Of course, there are many dark clouds hovering over us in these times, The threat of nuclear war has returned to terrorize us again in the way it did in the 50’s and 60’s.
The climate crisis threatens to make life on Earth extinct. That could all begin this year with crop failures due to excessive rain and flooding during planting season.
But the corn this year, which world-wide food supplies depend upon because of the versatility of corn oil in foods of all kinds, is taller than I am in July and beginning to sprout tassels. So there is reason to hope.
And our moron criminal president seems to be self-destructing instead of fulfilling the promises of Dr. Strangelove.

And I am reaching the final home stretch on my novel, When the Captain Came Calling. Soon this twenty-year story-telling quest to tell a tale of family struggle and fathers versus daughters will be at an end. I have successfully negotiated the suicide scene. I have also achieved the character balance and plot completion that had eluded me for a handful of years. The story is basically about family resilience in the face of adversity. It is ironically consistent with the adversity my family faces this week.
And this is the week I chose to promote my book Recipes for Gingerbread Children. I had some success giving away copies of Snow Babies four months ago. And I had hoped to do the same for Recipes. It is also a book about resilience in the face of tragedy and adversity.

So, as far as I am concerned, the tree of life is a family tree. We are its branches, it’s knots and warped bark, its parasites and possibilities. And in its final analysis, many leaves are still soaking up the sunshine and nourishing every branch, even the dead ones soon to fall off. And I am not a dead branch yet.

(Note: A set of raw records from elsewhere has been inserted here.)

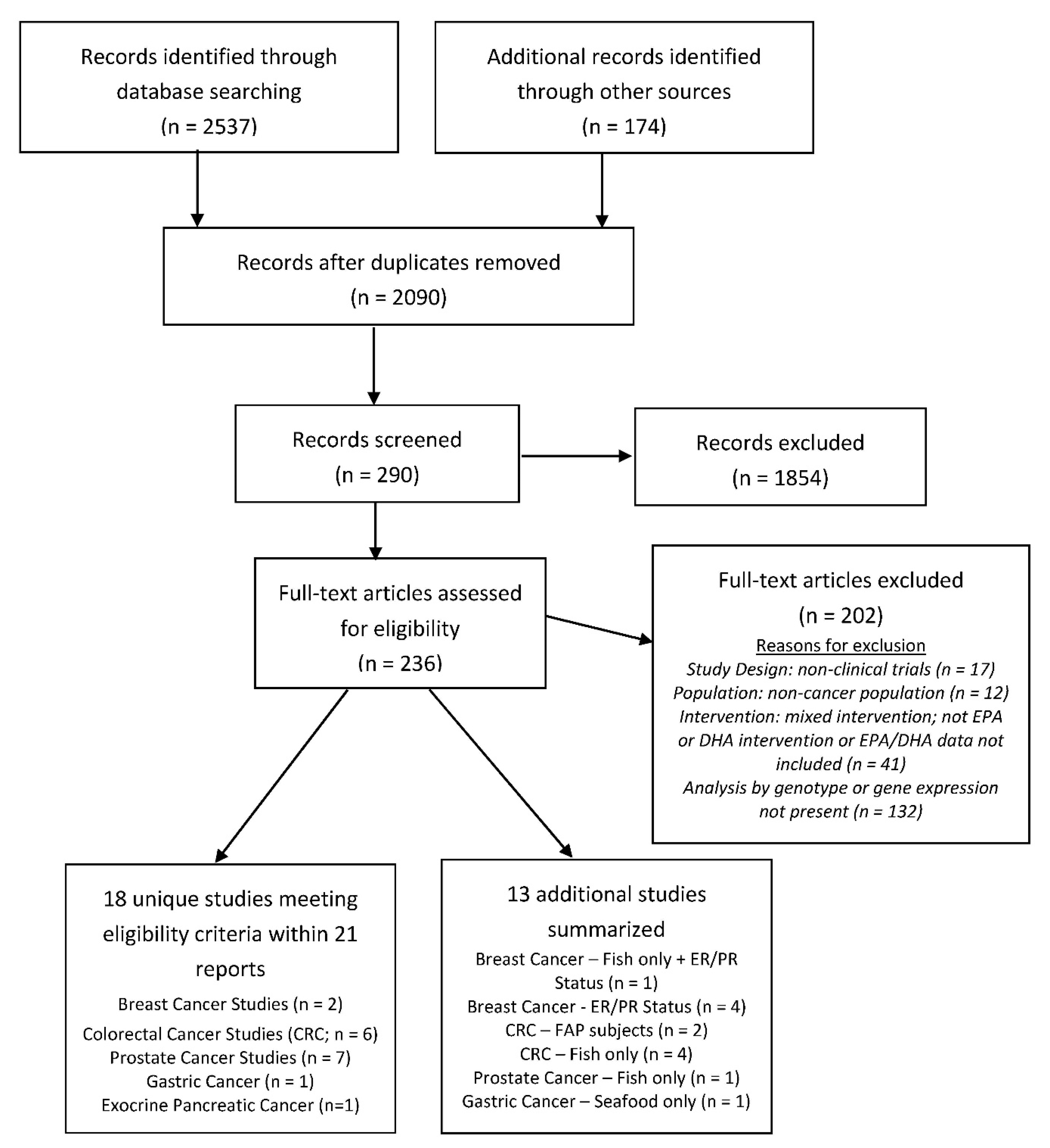 Nutrients 12 01647 g002 Nutrients 12 01647 g002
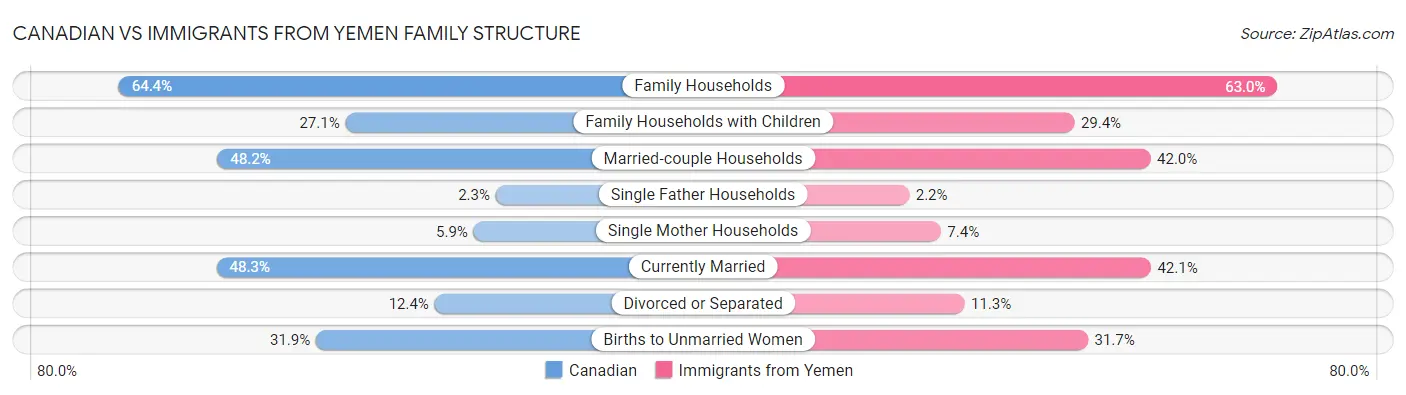 Canadian vs Immigrants from Yemen Family Structure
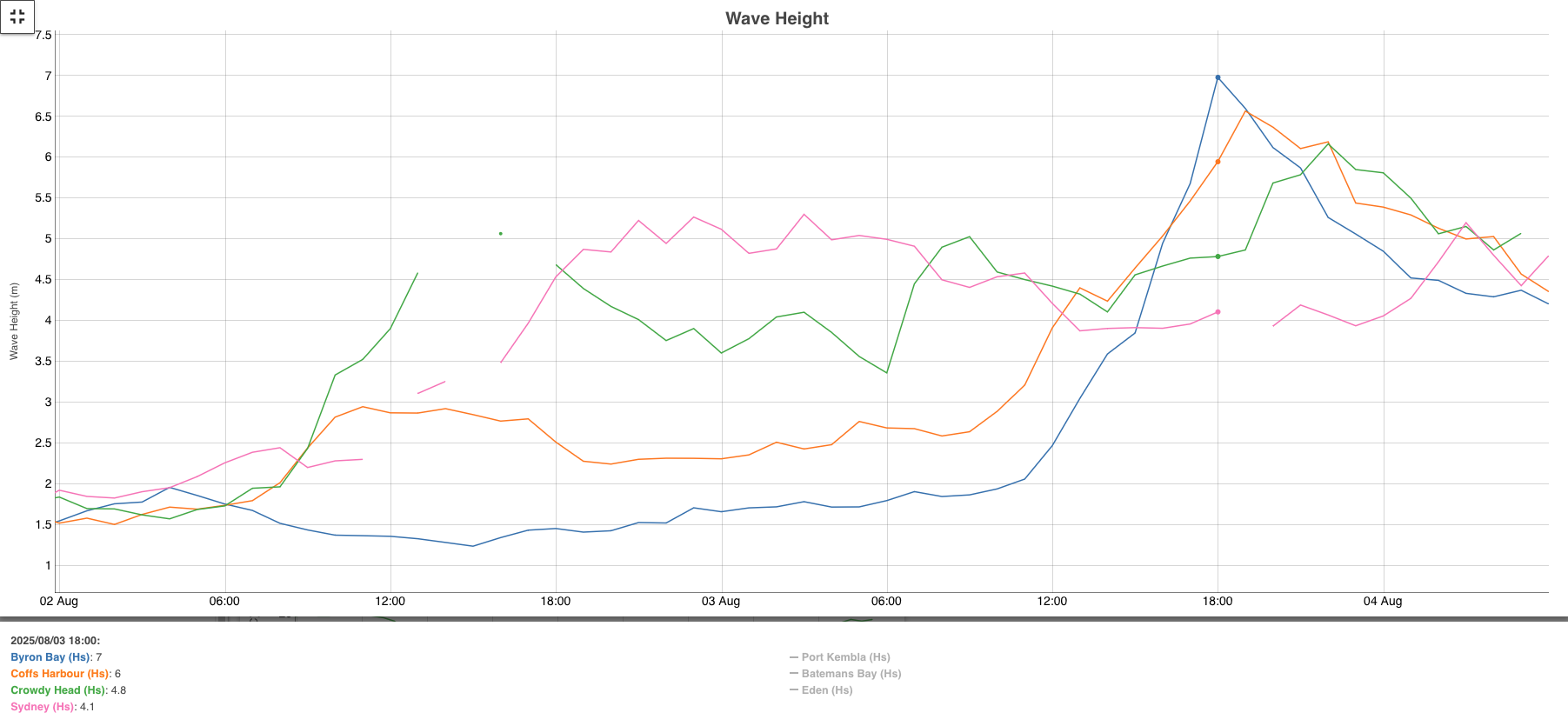 Observed significant wave heights at Byron Bay, Coffs Harbour, Crowdy Head and Sydney from Saturday, August 2, 2025 to Monday morning, August 4, 2025. Source: Manly Hydraulics Laboratory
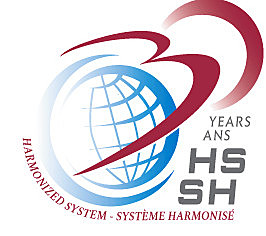 Nacimiento del Sistema Armonizado (SA)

Hurry Up and Worry, Murray!
I am now writing every novel as if it will be the last one that I ever write. So it is with my current work-in-progress, When the Captain Came Calling. It is a story that comes before my best novel, Snow Babies, already written and published, but was actually formed in my head and in my libretto long before I began putting Snow Babies down on the page. It is a good novel, but not the best I have ever written. I am very near to completing it.
But, unfortunately, I am also very near to completing my whole life. Pain is a constant reminder that my health is so poor, that each new day could easily literally be my last.
The IRS is trying their best to help me on towards the grave.
While I am currently dealing with the tax burden from 2018, they dug up another unpaid bill from 2017, a late-payment penalty they forgot to tell me about last December. More than $200 dollars worth. I am flatter than broke.
So, I am forced to Uber drive once more. Yesterday and today I picked up fares again for the first time in the last ten months. And I am not really well enough to do it. The curse is heavy.
But this grumpy old man ain’t quite dead yet.
One more novel to finish, and maybe another one after that.’